Los especialistas estamos tan convencidos del cambio, de que los signos de transformación son tan inequívocos, que hemos pasado de murmurar por lo bajo a cruzar la peligrosa línea de la implicación. En una de las listas de especialistas que sigo, me pilla a traspiés la apertura de un curso especializado sobre cómo rebatir punto por punto a los que no creen que haya cambio climático o lo minusvaloran. ¿Es una broma verdad? No. No lo es. Para entender qué está pasando hemos de comprender varias cosas. La primera, hay mucha gente allí arriba (conservative think tanks) que hace casi cuatro décadas que trabaja para desprestigiar todo lo que tenga que ver con el medio ambiente y su defensa, y ahora están muy empeñados en que parezca que no pasa nada, y que, por supuesto, la tecnología acabará salvándonos. Lo segundo es una sociedad muy desapegada, muy inerte porque vive muy bien y, en realidad, sigue un rumbo diario sin grandes problemas reales, sin faltarle de nada, pudiendo encender la luz, encontrar pollo en el súper y sin percibir cambios en el aumento en el nivel del mar “¿De veras ha subido?”. Además, hay tanta información, tantas opiniones… ¿Cuál es la real? Pero la tercera es la más preocupante: nos hemos alejado tanto de la fuente (la naturaleza) que nos permite vivir, que cualquier grito por su parte es fútil…o es lo que a mí me parece. Tenemos una especie de “espacio” entre la producción de bienes y nuestra propia vida que es ahora tan amplio que no sabemos de dónde viene nada, ni nos interesa. Sí, sí, NO nos interesa. Podemos clicar en una causa justa, podemos ver un buen reportaje y asentir en nuestro sofá, podemos aparentar que nos preocupa. Pero la realidad choca con estas débiles buenas intenciones, y las aplasta.
Por supuesto, si el problema se da a 12.500 kilómetros, pues creo que todavía nos va a importar menos.
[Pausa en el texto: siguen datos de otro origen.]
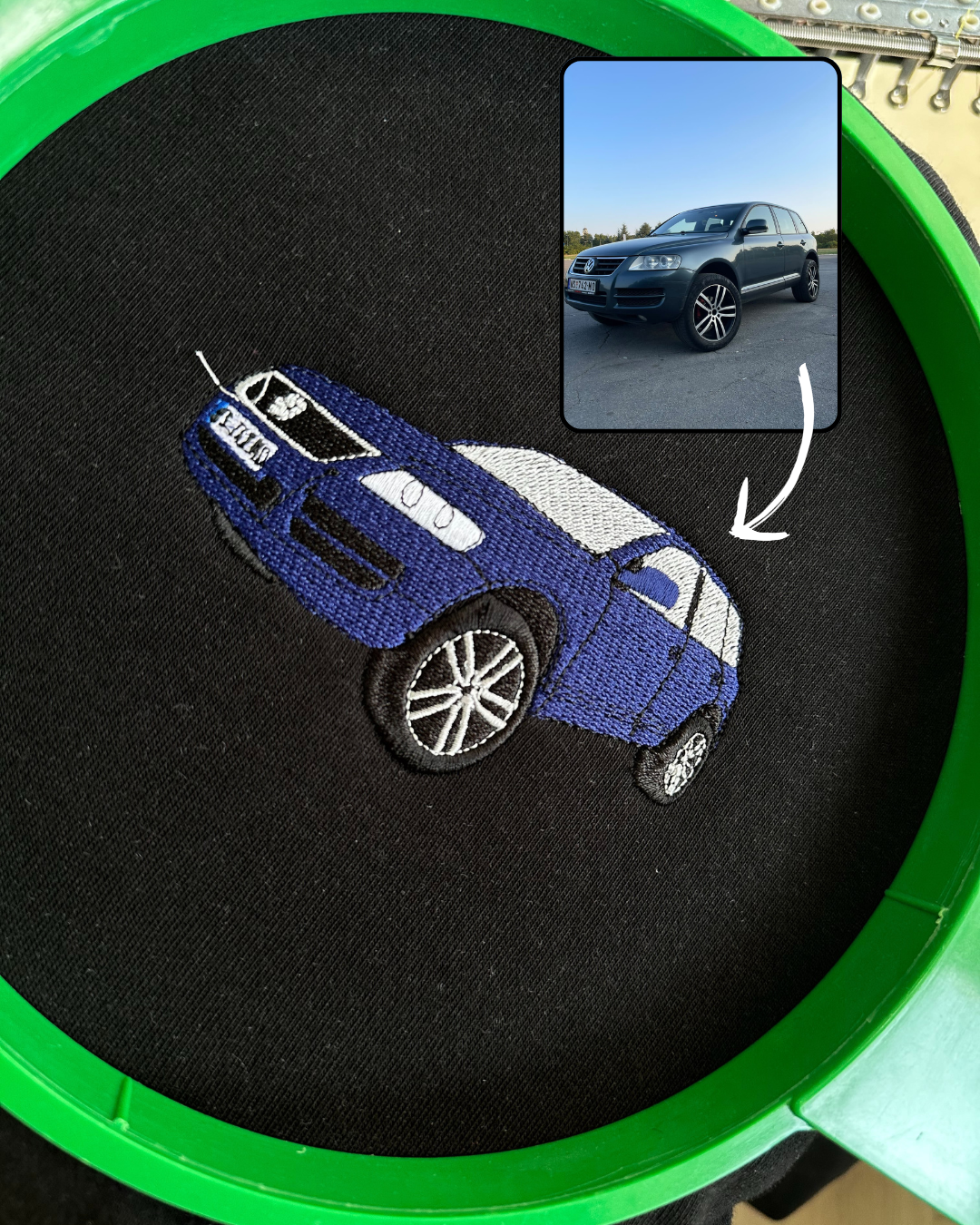 Tvoj automobil na duksu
Que se pierdan unos 60 kilómetros cúbicos de hielo en los glaciares al año en la Antártida (ese hielo que sí influye en el aumento del nivel del mar y en la capacidad de transportar calor por parte de las corrientes marinas) se ve muy lejano. Esas estimaciones (a la baja, porque los científicos trabajamos siempre con modelos conservadores) de aumentos de temperatura en el aire y en el mar, cambios en las corrientes marinas (cintas transportadoras de calor), intensidad de huracanes o la acidificación ya comprobada de nuestros océanos están atropellándose en nuestra puerta, pidiendo tanda para abofetearnos uno tras otro, o, mejor, todos a la vez. Pero no pasa nada.
El sábado fui a ver con Sandro (9 años), mi hijo, Tomorrowland. Al salir del cine le pregunté “¿Te ha gustado?”. La respuesta fue lacónica “No sé papá…es muy triste”. Lo es. Porque, a pesar del mensaje final, toda la película viene a decir lo mismo: hemos entrado en una era de pesimismo y resignación tal que nos ha convertido en auténticos seres inerciáticos que sólo parecen esperar que pase lo inevitable (que ya está pasando) para autocomplacerse diciendo “si ya lo decía yo…”.
Lo que más rabia y estupor me produce es que tenemos TODAS las herramientas para hacerlo mucho mejor. Pero algún miedo primigenio inculcado por una sociedad que no sabe pensar en el colectivo sino en el individuo nos impide reaccionar.